After the features with the highest potential to distinguish between the epithelial and mesenchymal cell classes were selected, they create the input for the classification algorithms. Since the performance of the classification is highly dependent on the selection of the classification algorithm, we employed several supervised machine learning algorithms to correctly compare the performance of the classification based on single-time-point and time-lapse QPI. The following algorithms were tested in several possible variations with differently set parameters: decision trees (complex, medium, and simple tree, with defined maximum number of splits 100, 20, and 4, respectively), discriminant analysis (linear and quadratic discriminant), support vector machines (with linear, quadratic, cubic, and Gaussian kernel), $k$-nearest neighbor classifier (KNN), (fine KNN with $k=1$ and Euclidean distance, medium KNN with $k=10$ and Euclidean distance, cosine KNN with $k=10$ and cosine distance, cubic KNN with $k=10$ and cubic distance, weighted KNN with $k=10$, and weighted by the inverse square of the Euclidean distance) ensemble classifiers (bagged trees, boosted trees, subspace discriminant, and subspace KNN) and artificial neural network (feed-forward backpropagation neural network with one hidden layer containing 10 hidden neurons).

Several performance measures were calculated from the confusion matrix for each classification algorithm: accuracy, precision, recall, and $F$-score. Classification accuracy of a classifier is calculated as the ratio of the sum of the principal diagonal values to the sum of all values in the confusion matrix. It expresses the ratio of correctly classified examples by the classifier.
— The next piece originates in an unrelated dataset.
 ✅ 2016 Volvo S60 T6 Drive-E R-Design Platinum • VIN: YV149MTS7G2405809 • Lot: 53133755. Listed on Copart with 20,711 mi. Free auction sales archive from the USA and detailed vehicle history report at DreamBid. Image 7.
Precision is the ratio of correctly classified positive examples to the total number of positive examples, while recall is the ratio of correctly classified positive examples to the all examples in actual class. $F$-score can be interpreted as a harmonic mean of precision and recall. Fivefold cross validation was used to evaluate the performance of the classification algorithms. The data were partitioned into five randomly chosen subsets of roughly equal size. One subset (testing set) was used for testing of the classifier, which had been trained on the remaining subsets (training set). This process was repeated five times, such that each subset was used for the validation. Since cross validation does not use all the data for training, it is a commonly used method to avoid overfitting. The overall performance of the classification algorithm was determined as the mean of performance measure values reached in the iterations. The whole classification procedure was performed in MATLAB.